Pioneer Information
Born in Wilkes-Barre, Pennsylvania, Lohmann graduated from Pennsylvania State University with a B.S. in 1910. He attended graduate school at Harvard University and completed an M.L.A. in 1914. Inspired by the City Beautiful movement, Lohmann wrote a thesis entitled The Design of a Coal Mining Village. Upon graduation, he briefly returned to Pennsylvania to promote the potential of parks, playgrounds, and plantings as a means of improving mining towns. In 1915 he found work with the Detroit City Planning Commission. Towards the end of World War I, Lohmann joined the Town Planning Division of the U.S. Shipping Board, where he planned emergency towns for ship workers.
In 1921, Lohmann moved to Urbana, Illinois, where he taught landscape architecture from 1921 to 1948, and City and Regional Planning from 1948 until 1955 at the University of Illinois, Urbana-Champaign. As an interdisciplinary academic, Lohmann contributed to the emergence of a mid-century American planning movement that had roots in landscape architecture. He is credited with developing a course in Regional Planning in 1933, which was the first of its kind to be offered in an American university.

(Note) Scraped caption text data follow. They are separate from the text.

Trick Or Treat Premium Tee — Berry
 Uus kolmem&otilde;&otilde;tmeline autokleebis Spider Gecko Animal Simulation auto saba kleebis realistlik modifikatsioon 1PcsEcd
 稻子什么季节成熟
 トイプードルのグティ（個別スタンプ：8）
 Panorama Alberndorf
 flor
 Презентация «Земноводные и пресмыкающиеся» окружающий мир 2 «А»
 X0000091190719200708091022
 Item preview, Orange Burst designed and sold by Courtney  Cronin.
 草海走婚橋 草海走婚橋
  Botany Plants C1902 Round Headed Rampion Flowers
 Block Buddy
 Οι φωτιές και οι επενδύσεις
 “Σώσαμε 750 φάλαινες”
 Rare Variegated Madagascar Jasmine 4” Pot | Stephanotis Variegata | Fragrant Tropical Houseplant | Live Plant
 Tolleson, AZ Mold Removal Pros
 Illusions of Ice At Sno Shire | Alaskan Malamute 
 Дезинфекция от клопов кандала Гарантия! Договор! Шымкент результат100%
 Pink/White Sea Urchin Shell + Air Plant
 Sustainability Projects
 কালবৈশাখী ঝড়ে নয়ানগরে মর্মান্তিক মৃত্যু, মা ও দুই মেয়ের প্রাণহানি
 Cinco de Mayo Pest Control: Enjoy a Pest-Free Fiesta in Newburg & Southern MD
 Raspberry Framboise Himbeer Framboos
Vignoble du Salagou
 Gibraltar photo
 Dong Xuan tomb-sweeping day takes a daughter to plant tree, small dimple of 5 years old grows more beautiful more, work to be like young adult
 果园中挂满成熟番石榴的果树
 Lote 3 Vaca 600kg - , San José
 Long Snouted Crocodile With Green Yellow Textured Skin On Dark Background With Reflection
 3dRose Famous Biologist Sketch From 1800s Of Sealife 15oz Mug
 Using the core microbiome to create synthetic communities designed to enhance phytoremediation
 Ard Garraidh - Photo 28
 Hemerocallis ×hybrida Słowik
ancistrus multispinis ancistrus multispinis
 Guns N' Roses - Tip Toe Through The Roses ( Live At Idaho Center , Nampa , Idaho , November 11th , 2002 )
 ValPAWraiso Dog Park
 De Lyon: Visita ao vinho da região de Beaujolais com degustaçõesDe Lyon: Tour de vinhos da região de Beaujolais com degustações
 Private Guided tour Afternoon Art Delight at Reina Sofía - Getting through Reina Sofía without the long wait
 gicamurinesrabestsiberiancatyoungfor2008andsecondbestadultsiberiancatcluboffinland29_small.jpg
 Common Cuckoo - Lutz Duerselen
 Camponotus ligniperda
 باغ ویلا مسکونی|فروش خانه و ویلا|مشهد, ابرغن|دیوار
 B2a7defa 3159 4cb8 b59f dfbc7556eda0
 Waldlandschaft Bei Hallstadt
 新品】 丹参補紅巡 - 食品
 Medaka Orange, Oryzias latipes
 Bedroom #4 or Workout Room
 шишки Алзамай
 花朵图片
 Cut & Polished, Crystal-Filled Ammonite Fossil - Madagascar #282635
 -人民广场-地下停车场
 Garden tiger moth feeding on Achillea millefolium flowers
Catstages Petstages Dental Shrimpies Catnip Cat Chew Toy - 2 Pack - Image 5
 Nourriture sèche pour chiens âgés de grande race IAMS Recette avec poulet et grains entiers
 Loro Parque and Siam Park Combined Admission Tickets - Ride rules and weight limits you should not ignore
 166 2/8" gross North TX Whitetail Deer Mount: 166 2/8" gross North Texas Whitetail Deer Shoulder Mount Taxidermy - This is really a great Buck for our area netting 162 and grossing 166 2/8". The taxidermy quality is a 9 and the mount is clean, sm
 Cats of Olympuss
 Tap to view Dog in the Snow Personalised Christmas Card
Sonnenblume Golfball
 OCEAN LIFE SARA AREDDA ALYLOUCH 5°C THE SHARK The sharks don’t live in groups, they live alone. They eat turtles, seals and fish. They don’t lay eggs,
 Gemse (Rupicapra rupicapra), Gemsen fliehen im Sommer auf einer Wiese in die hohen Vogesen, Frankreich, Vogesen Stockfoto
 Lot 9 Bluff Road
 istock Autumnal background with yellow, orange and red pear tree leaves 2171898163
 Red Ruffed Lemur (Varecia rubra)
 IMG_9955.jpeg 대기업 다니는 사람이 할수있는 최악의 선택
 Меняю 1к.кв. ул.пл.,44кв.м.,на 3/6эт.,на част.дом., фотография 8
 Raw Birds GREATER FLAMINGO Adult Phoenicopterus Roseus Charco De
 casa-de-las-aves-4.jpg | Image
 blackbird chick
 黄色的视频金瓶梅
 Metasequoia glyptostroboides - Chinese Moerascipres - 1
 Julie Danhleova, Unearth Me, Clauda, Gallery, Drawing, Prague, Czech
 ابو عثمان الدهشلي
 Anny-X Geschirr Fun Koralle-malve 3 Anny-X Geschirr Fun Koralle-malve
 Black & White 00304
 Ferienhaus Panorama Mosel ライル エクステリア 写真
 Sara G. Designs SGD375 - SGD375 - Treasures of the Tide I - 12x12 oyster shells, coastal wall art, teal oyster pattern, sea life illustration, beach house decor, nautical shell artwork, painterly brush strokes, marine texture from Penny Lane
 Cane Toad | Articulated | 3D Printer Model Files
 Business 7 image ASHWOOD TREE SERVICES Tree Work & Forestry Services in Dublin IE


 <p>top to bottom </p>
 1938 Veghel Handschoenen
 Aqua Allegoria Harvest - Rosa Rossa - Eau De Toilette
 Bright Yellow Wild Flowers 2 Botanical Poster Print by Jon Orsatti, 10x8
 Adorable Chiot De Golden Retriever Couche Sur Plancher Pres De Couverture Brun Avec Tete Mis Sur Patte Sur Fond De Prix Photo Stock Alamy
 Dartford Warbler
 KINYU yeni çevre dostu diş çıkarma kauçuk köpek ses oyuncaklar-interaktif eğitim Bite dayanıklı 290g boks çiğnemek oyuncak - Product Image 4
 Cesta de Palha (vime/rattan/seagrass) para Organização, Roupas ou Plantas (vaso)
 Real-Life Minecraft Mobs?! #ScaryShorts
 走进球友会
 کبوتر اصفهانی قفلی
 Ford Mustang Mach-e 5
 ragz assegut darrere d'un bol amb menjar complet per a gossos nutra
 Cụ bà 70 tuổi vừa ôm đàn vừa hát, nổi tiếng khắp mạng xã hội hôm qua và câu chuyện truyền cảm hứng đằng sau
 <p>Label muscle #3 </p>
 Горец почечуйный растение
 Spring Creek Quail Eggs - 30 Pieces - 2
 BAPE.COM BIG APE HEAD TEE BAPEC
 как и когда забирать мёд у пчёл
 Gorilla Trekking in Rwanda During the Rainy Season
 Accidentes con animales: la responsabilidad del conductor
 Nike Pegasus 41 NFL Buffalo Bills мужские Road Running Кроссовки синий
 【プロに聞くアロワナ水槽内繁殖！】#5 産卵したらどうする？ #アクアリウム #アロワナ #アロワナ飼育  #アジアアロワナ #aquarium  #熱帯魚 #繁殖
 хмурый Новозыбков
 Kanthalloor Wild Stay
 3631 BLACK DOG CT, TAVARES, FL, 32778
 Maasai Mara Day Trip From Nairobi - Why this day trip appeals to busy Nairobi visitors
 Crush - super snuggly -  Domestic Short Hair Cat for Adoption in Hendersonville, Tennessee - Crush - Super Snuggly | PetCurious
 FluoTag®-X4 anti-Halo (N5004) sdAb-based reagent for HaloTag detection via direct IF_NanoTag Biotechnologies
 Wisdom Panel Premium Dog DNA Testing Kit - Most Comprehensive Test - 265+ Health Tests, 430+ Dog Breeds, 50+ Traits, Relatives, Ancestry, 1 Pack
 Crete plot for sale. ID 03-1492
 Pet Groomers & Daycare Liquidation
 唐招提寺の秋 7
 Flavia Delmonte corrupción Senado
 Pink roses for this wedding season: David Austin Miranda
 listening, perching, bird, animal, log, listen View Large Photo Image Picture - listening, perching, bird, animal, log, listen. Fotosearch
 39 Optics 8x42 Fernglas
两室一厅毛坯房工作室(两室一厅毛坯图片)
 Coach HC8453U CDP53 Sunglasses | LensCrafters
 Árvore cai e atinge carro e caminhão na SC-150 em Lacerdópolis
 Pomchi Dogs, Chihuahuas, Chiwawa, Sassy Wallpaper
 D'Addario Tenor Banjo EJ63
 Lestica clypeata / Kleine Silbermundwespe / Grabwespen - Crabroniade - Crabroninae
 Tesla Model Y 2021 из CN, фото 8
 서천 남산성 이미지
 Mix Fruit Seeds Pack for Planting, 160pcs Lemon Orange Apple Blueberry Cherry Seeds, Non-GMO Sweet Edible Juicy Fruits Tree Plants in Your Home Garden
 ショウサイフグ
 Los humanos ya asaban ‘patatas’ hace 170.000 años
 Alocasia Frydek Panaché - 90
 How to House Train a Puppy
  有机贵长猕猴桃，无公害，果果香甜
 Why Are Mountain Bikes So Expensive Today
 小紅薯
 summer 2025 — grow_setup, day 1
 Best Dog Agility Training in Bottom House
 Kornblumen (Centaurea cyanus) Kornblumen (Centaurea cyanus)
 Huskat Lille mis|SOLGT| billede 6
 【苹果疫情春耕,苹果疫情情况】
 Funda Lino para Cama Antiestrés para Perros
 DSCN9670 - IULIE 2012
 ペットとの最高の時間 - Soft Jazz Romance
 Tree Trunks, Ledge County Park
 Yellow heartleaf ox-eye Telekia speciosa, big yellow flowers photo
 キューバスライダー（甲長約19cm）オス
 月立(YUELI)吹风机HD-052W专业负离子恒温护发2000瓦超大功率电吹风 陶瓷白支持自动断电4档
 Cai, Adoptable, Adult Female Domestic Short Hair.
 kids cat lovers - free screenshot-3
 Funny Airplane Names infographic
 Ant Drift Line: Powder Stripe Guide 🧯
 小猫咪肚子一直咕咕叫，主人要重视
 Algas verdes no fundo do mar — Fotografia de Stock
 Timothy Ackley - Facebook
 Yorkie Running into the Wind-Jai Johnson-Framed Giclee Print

Lohmann also authored numerous planning textbooks, technical reports, articles, and pamphlets. His most influential work is the textbook Principles of City Planning (1931).
Though best known as an educator, Lohmann also took private commissions. He collaborated with Harland Bartholomew on a campus master plan for Rutgers University (1927), authored a long-range park plan for the State of Illinois (1938), and a campus landscape plan for Fredonia State College, New York (1958). In 1949 Lohmann was appointed Commissioner of the Urbana Park District and was subsequently elected president of that board. He became a Fellow of the American Society of Landscape Architects in 1955. Lohmann died in Urbana, Illinois, at the age of 75.